100 Goldfischli sind eine Tüte. ...na so etwa...

07 September 2007

Das Bier der Fynfzencilohant'l

 

Die Fynfzencilohant'l mussten nicht viel tun für ihren Lebensunterhalt. Melonen, Getreide, Kürbisse und Früchte wuchsen von selbst auf ihrem Feld. Warum, das war ihnen egal. Das Bierbrauen hatten sie durch Zufall entdeckt: In dem Becken, in dem sie immer bei Neumond eine Nacht lang ihr gemeinsames rituelles Fußbad nehmen mussten, war zufällig Wasser stehen geblieben. Die Kinder spielten dort mit Kürbisschiffchen. Dass das Wasser nach ein paar Tagen Schaum trug, war allen entgangen. Sie wollten ja im allgemeinen ihre Ruhe haben.

Eines Tages war ein Kind steuerlos durchs Dorf getorkelt, aber unter Indianern galt so etwas als mystisches Zeichen. Das Kind hatte interessant mit den Augen gerollt, lustiges Zeug geredet und war am Ende laut schnarchend eingeschlafen.
Als es am übernächsten Tag wieder klar antworten konnte, fand die Mutter heraus, dass es beim Spielen mit Kürbissschiffchen von dem Wasser im Fußbadebecken getrunken hatte. Dabei hatte sich das Kind offensichtlich einen fürchterlichen Rausch zugezogen.
Die Fynfzencilohant'l probierten die Wirkung erst an zwei weiteren Kindern aus, bevor der erste Erwachsene bereit war, von dem Wasser zu kosten. Kinder hatten sie genug.

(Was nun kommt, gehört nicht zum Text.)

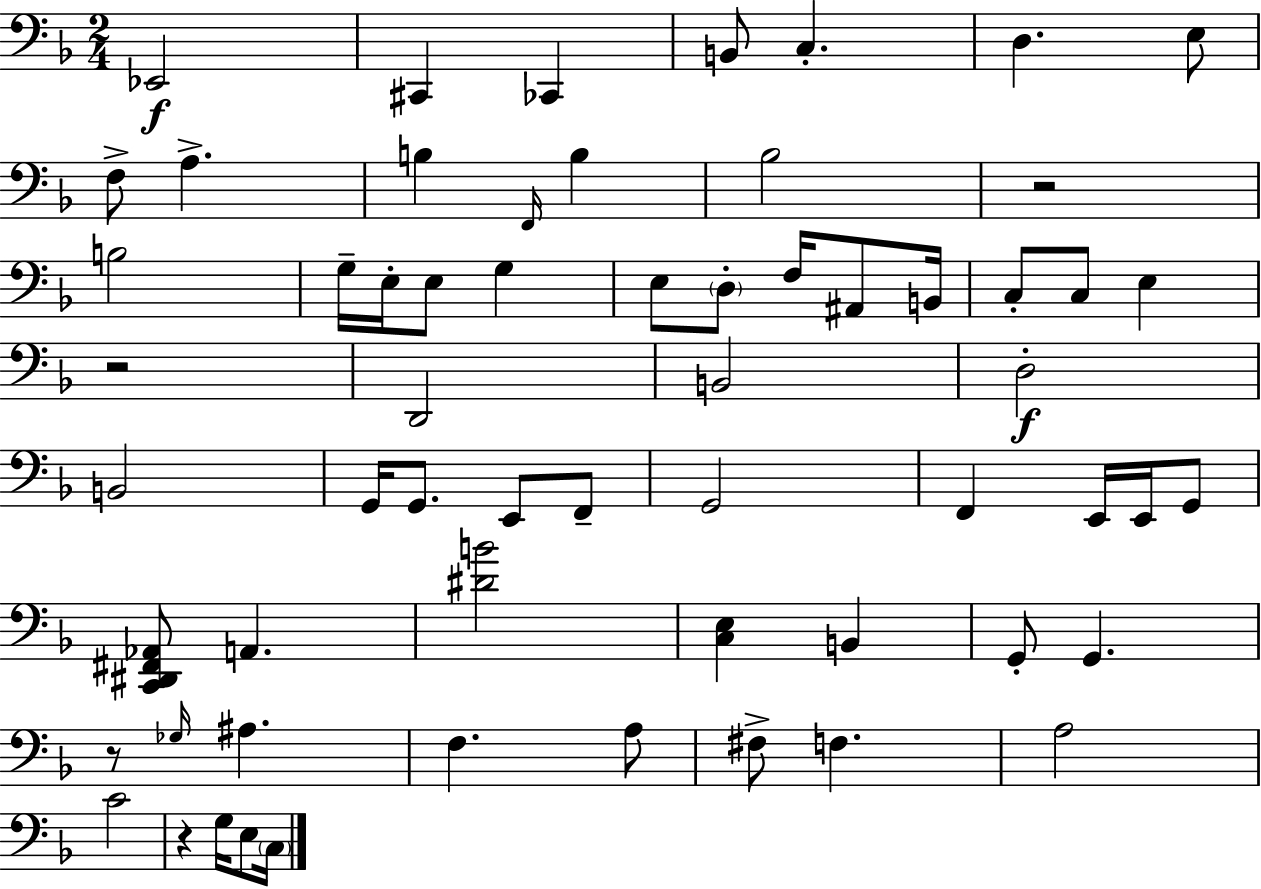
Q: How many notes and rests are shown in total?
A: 61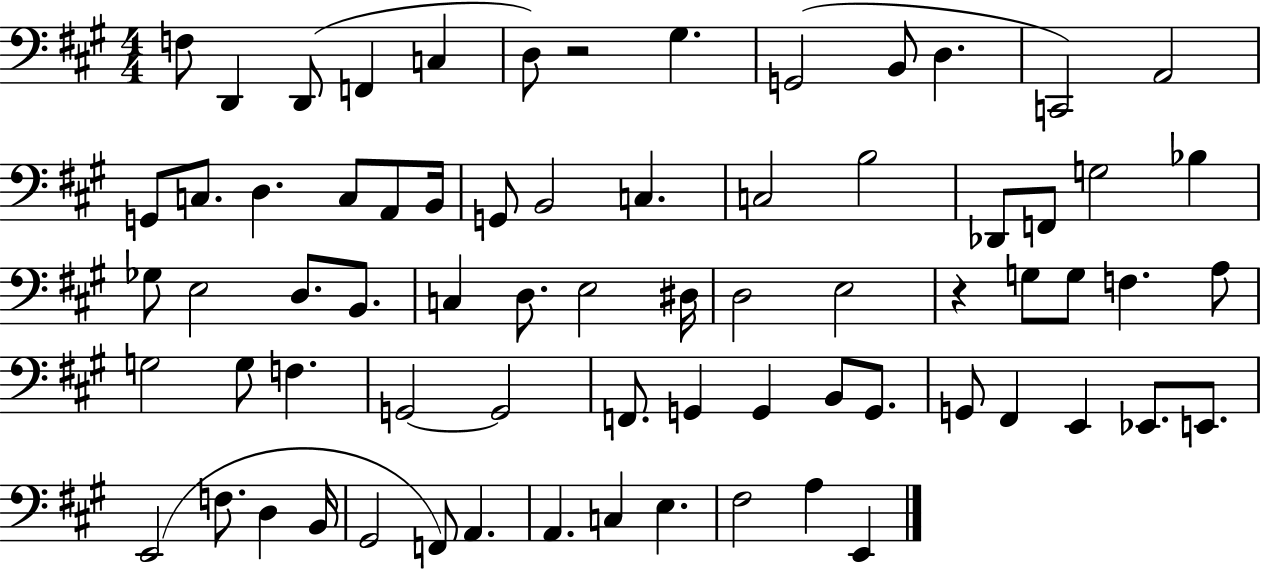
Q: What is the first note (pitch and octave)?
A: F3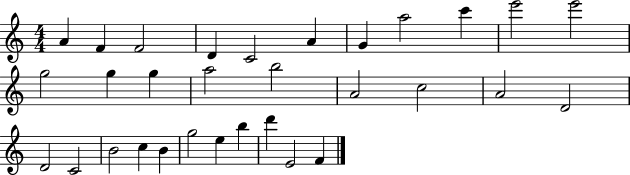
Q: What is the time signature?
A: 4/4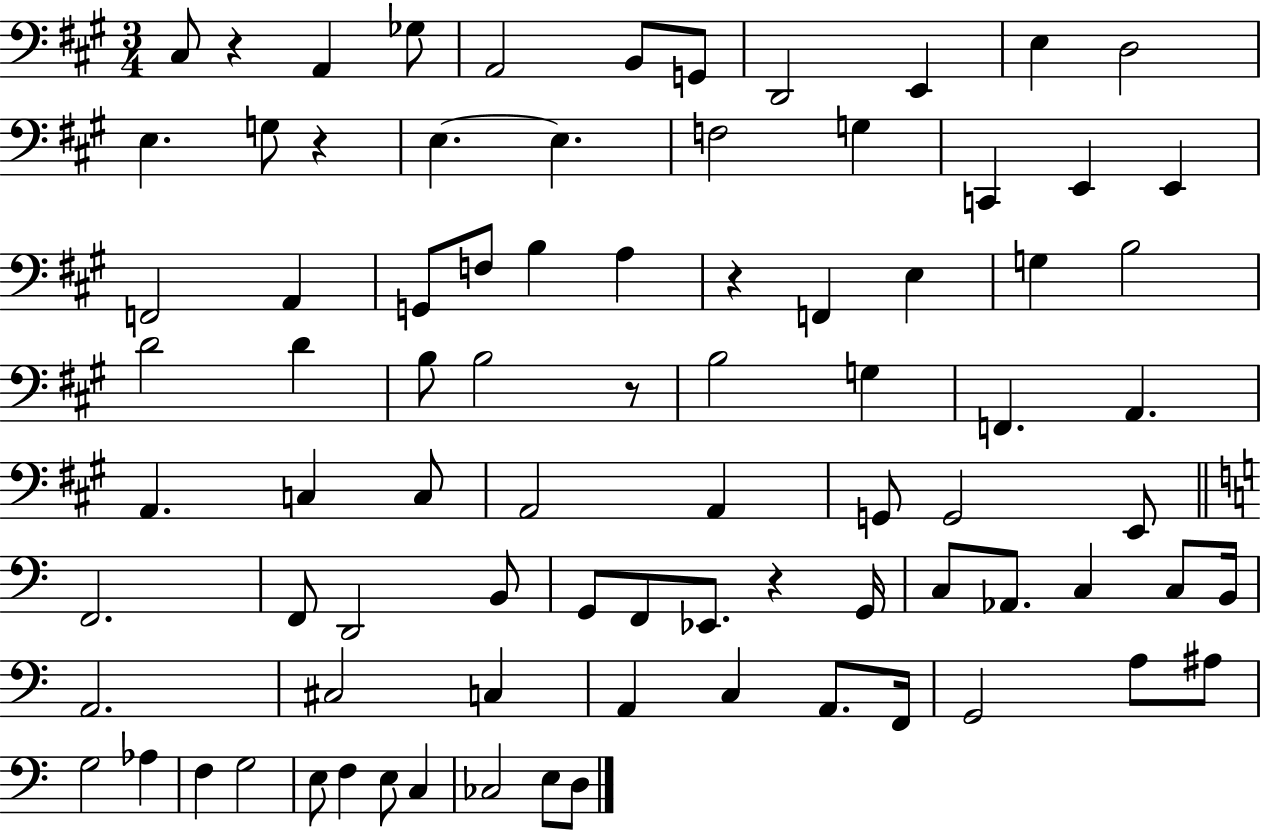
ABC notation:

X:1
T:Untitled
M:3/4
L:1/4
K:A
^C,/2 z A,, _G,/2 A,,2 B,,/2 G,,/2 D,,2 E,, E, D,2 E, G,/2 z E, E, F,2 G, C,, E,, E,, F,,2 A,, G,,/2 F,/2 B, A, z F,, E, G, B,2 D2 D B,/2 B,2 z/2 B,2 G, F,, A,, A,, C, C,/2 A,,2 A,, G,,/2 G,,2 E,,/2 F,,2 F,,/2 D,,2 B,,/2 G,,/2 F,,/2 _E,,/2 z G,,/4 C,/2 _A,,/2 C, C,/2 B,,/4 A,,2 ^C,2 C, A,, C, A,,/2 F,,/4 G,,2 A,/2 ^A,/2 G,2 _A, F, G,2 E,/2 F, E,/2 C, _C,2 E,/2 D,/2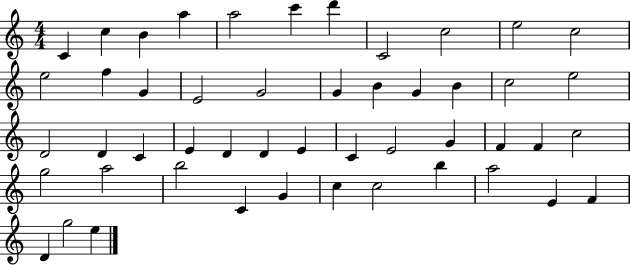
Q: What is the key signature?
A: C major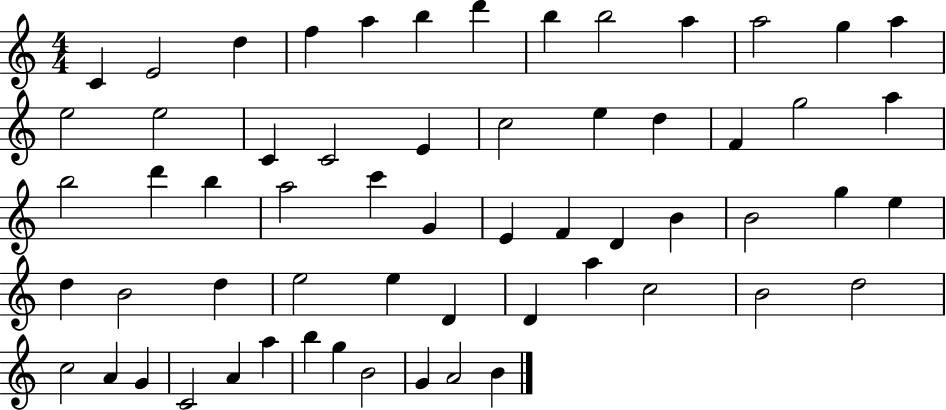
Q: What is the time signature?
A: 4/4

Das Wasser perlte witzig auf der Zunge und schmeckte nach Kürbiskuchen. Gar nicht schlecht. Die Kürbisschiffchen der Kinder hatten nämlich während der weiteren Versuche im Becken gelegen und waren inzwischen vollständig vergoren.

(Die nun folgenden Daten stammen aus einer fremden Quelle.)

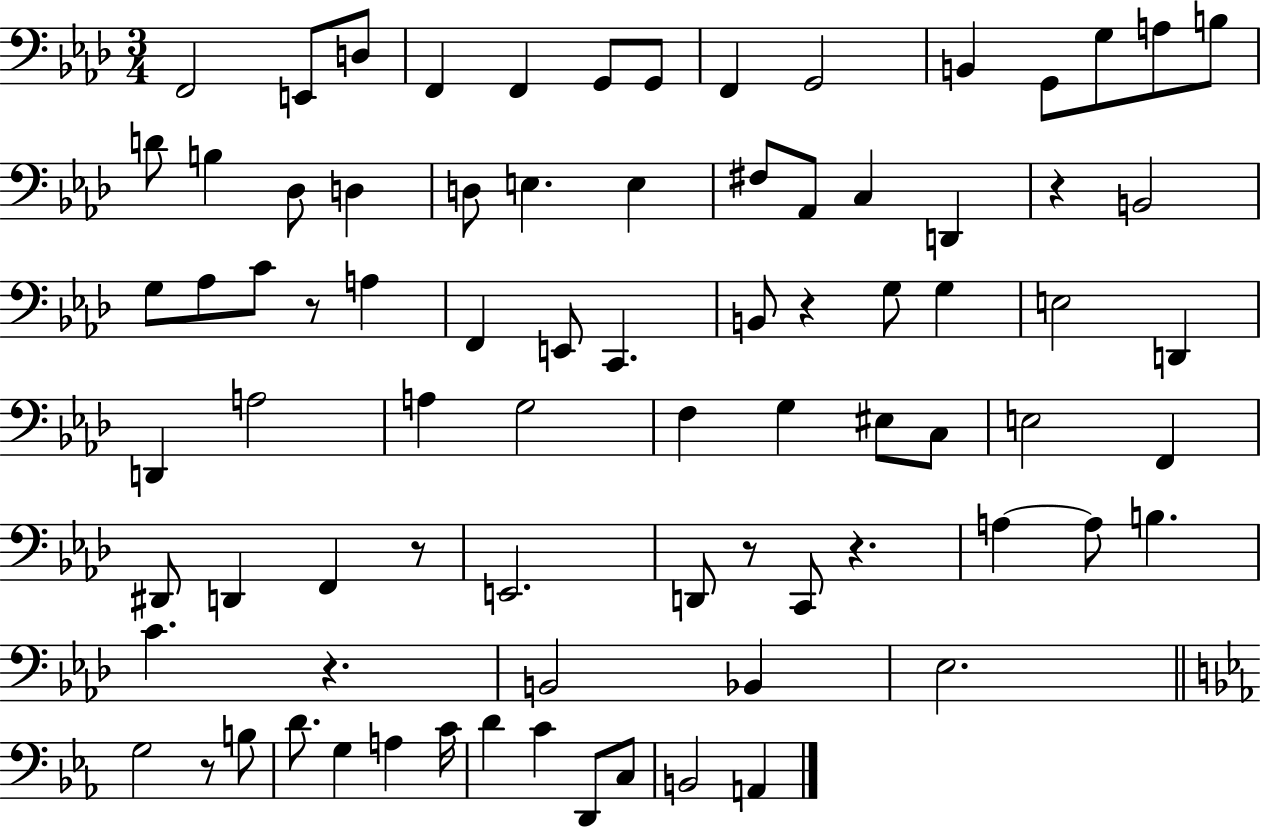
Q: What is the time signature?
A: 3/4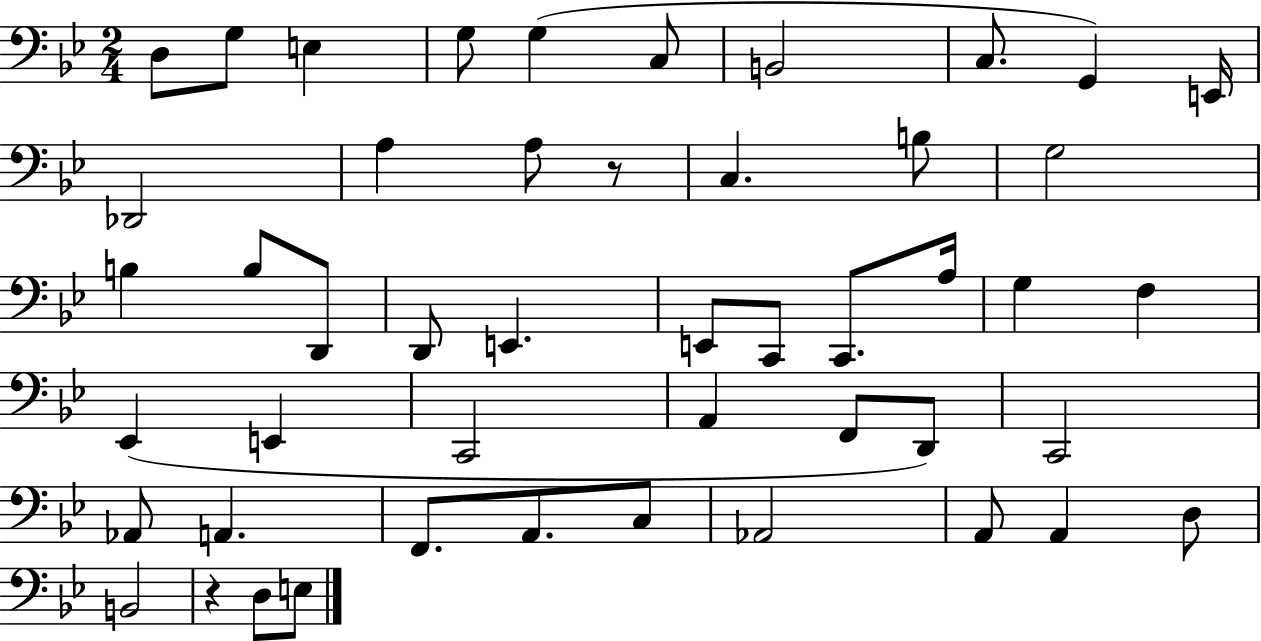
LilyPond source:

{
  \clef bass
  \numericTimeSignature
  \time 2/4
  \key bes \major
  d8 g8 e4 | g8 g4( c8 | b,2 | c8. g,4) e,16 | \break des,2 | a4 a8 r8 | c4. b8 | g2 | \break b4 b8 d,8 | d,8 e,4. | e,8 c,8 c,8. a16 | g4 f4 | \break ees,4( e,4 | c,2 | a,4 f,8 d,8) | c,2 | \break aes,8 a,4. | f,8. a,8. c8 | aes,2 | a,8 a,4 d8 | \break b,2 | r4 d8 e8 | \bar "|."
}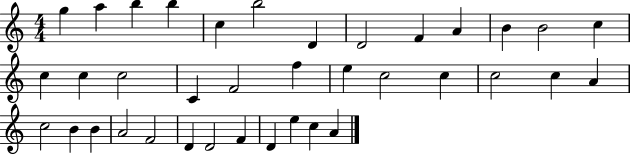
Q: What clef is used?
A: treble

Von dem perlenden Wasser wurde einem angenehm schwindlig, die eigentlich mürrischen Fynfzencilohant'l wurden gesprächig und sogar gesellig nach dem Genuss des Getränks. Ein echter Fortschritt für ihre Kultur.

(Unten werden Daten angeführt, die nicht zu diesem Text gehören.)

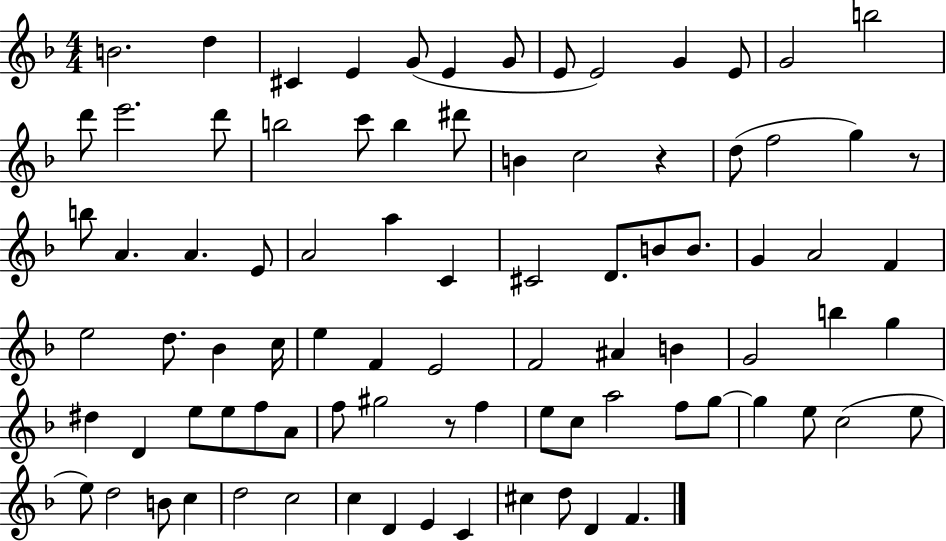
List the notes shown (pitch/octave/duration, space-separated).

B4/h. D5/q C#4/q E4/q G4/e E4/q G4/e E4/e E4/h G4/q E4/e G4/h B5/h D6/e E6/h. D6/e B5/h C6/e B5/q D#6/e B4/q C5/h R/q D5/e F5/h G5/q R/e B5/e A4/q. A4/q. E4/e A4/h A5/q C4/q C#4/h D4/e. B4/e B4/e. G4/q A4/h F4/q E5/h D5/e. Bb4/q C5/s E5/q F4/q E4/h F4/h A#4/q B4/q G4/h B5/q G5/q D#5/q D4/q E5/e E5/e F5/e A4/e F5/e G#5/h R/e F5/q E5/e C5/e A5/h F5/e G5/e G5/q E5/e C5/h E5/e E5/e D5/h B4/e C5/q D5/h C5/h C5/q D4/q E4/q C4/q C#5/q D5/e D4/q F4/q.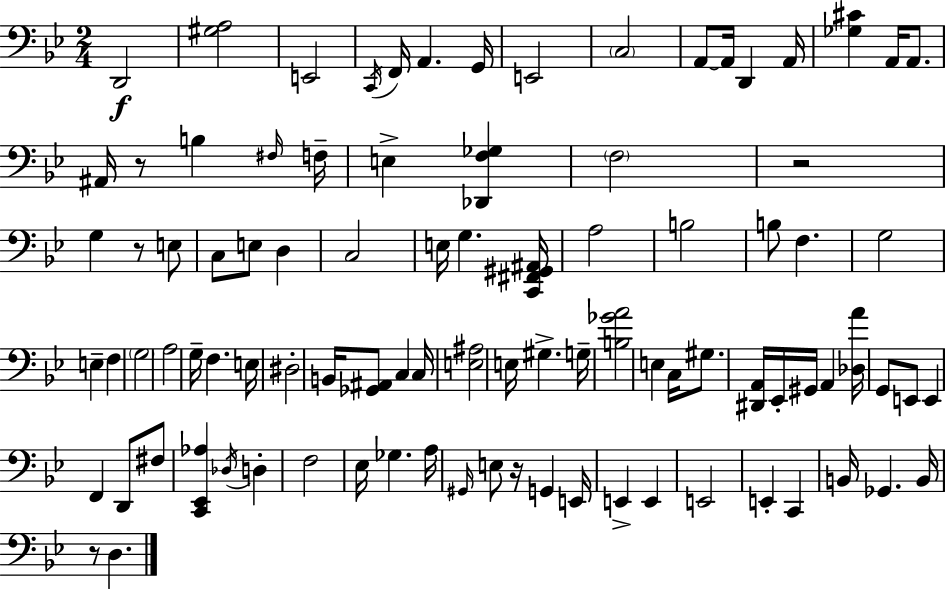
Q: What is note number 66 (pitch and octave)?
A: G#2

Also beobachteten sie die Vorgänge und ließen nun nach jedem Fußbad das Wasser im Becken mit einem Haufen Kürbissen stehen.
 

 

Ungerechtigkeit und Bier

 

Das Bier war eigentlich schon erfunden. Aber das Geheimnis des Bierbrauens lag beim Stamm der mürrischen Fynfzencilohant'l. Diese gaben K'urt kein Bier - K'urt wollte immer reden. Und sie wollten doch einfach nur ihre Ruhe haben. So wuchs K'urts Unzufriedenheit.

Den Handclatchtomat'l gaben sie Bier - weil die es sich selbst abholten. Und dann das Geld vor den Pueblo legten.

Die Fynfzencilohant'l waren ein bärbeißiges Volk, aber mit den Handclatchtomatl kamen sie aus. Wenn sie betrunken waren, nannten sie sie sogar freundschaftlich Clatchis. So wuchs K'urts Neid.
 

 

K'urt

 

Die Lotmachpeyot'l waren das krasse Gegenteil. Von allem. Sie ahnten immerhin, warum sie die Peyotl waren. Und „Lotmach-" war kein biblischer Vorname, sondern blanke Ironie: Wie sollte man denn ordentlich aufrecht gehen, wenn man dauernd breit und voll des guten Peyote war? Immerhin kannten sie das Farbfernsehen, 600 Jahre vor seiner Erfindung. Ihr Häuptling hieß K'urt.

Peyote-Kakteen wuchsen bei ihnen überall, wie Unkraut, man hätte sie nur pflücken müssen. Aber selbst das war nicht nötig, weil sich auch die anderen Pflanzen nicht ohne einen satten Anteil Peyote ernten ließen. Die Lotmachpeyot'l dachten nicht darüber nach und betrachteten es auch nicht als Droge. Sie kannten den Zustand „nüchtern" einfach nicht. Bis auf K'urt.

Der Häuptling K'urt war nicht gewählt worden, wie das in den ausgereiften indigenen Indianerdemokratien eigentlich üblich hätte sein sollte. Er hatte sich das Amt genommen. Konnte man so sagen. Er hatte eine Kaktus-Allergie, weil er als kleiner Junge in einen Kessel mit ... aber nein, das ist eine ganz andere Chronik.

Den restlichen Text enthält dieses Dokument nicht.